Improving IPT into ARV Dispensing for RoC Enrolled in DSD

Project Goals:

National level: Align IPT and ART dispensing and appointments to monitor side effects and improve uptake from 17 percent to 90 percent; ensure that those who start TPT complete it from 67 to 90 percent; and ensure that ROC are happy with services.

District level: Lead the implementation, including train HCW and CAG leaders; develop and distribute IEC materials to improve patient literacy; improve supportive supervision; and use simple digital technology for mobile phones to support ROC.

Facility-level: Align IPT with ARVs and provide forms to monitor and report side-effects.

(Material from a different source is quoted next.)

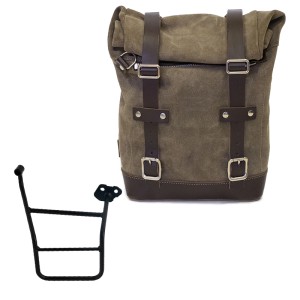 Bolsa de cuero 10l-14l + ktm 1290/1390 super adventure s-r chasis derecho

RoC: Monitor and report side-effects.




Selfcare for TPT in DSD

Project Goals: Offer TPT to all eligible patients through peers and HCW and fast-track the largest DSD model being implemented that includes two, three-months dispensations; follow up by facility staff or peer via phone at one and two months; provide patient education on side effects, TB symptoms, self-care, and treatment adherence; provide IEC materials; and conduct patient survey to understand their experience and address gaps in approach.


Feasibility of Community-Based DSD Models to Scale-up TB Case Finding & TPT Uptake in Two High Volume Rural Facilities in Zimbabwe

Project Goals: Engage HIV-positive ROC in two high volume, functional community DSD through a six-month intervention that involves conducting a baseline assessment; training CAG leaders on TB screening, TPT eligibility, and adherence/psychosocial support, pharmacovigilance monitoring, expedited referrals, demand creation for TPT & TB case finding, and TB infection control; updating prerequisite M&E tools; conducting supportive visits for quality assurance; and conducting an end-line assessment.